According to the 2015 Data Breach Investigations Report from Verizon (http://j.mp/VZbreach), the biggest threat to the private information you manage may actually be yourself and the people in your organization. The report identified a disturbing trend that more people are opening and clicking links in phishing email messages, not less. One reason is because phishing techniques have matured far beyond emails from a Nigerian prince riddled with typos and bad grammar. The bar for phishing emails is considerably higher today.
Target and Train
According to security provider Proofpoint, the business roles most susceptible to attacks are sales, finance, and procurement (www.proofpoint.com/threat-insight). Employees in these roles click potentially malicious links 50 to 80 percent more than colleagues in other business roles. This makes sense due to the nature of their business as they consistently work with new prospects and relationships and are under time pressure to quickly get through large volumes of correspondence each day.

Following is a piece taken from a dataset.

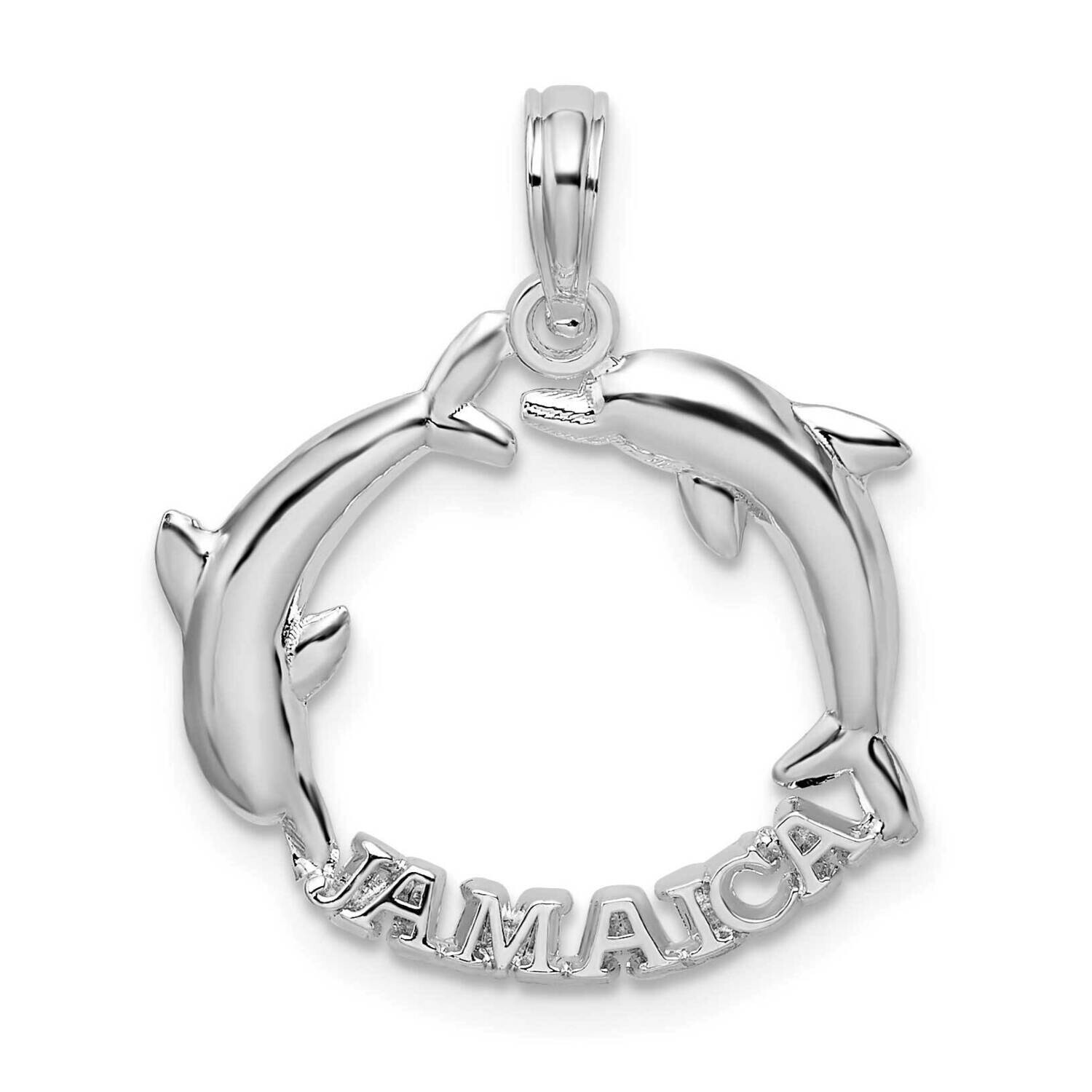 Jamaica 2 Jumping Dolphins Pendant Sterling Silver Polished QC10218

You can train everyone in your organization in all business roles how to identify potential attacks and malicious links, and then test how effective that training is through a simulated attack.
Vendors such as ThreatSim, TraceSecurity, and Wombat Security Technologies offer a variety of solutions to actually validate the efficacy of your security policies. Assessment tools like CyberStrength, PhishGuru, SmishGuru, and USBGuru (I am not making these names up) test everyone in your business to identify weak links and poor behavior so you can take action to correct potential liabilities.
Planning for Attacks
This column just scratches the surface on the tools and resources available to help you combat cybersecurity attacks. It’s not a matter of if, but rather when your business will face an attack if it hasn’t happened already. Before your next brush with an attacker, be sure you:
- Identify the go-to individual in your business to report cybersecurity issues
- Periodically perform risk assessments
- Provide training and awareness of new attacks and techniques to employees
- Identify and implement insurance to protect against loss
- Determine how you will monitor and control access to your systems by employees and third parties
One false move inside your business can lead to real financial losses, a disruption of your operations, and the loss of client trust. It is your responsibility to do what you can today to prepare yourself for cybersecurity attacks rather than wait for ambiguous and inadequate guidance from the industry’s regulators.
An important note: This column uses shortened hyperlinks from Bitly to direct you to websites for convenience. However, shortened hyperlinks can be created for any Internet address, including pages that contain malware and phishing schemes. Use caution when using shortened hyperlinks of any kind. In many cases, a web search for a company name or software program will safely navigate you to what you need.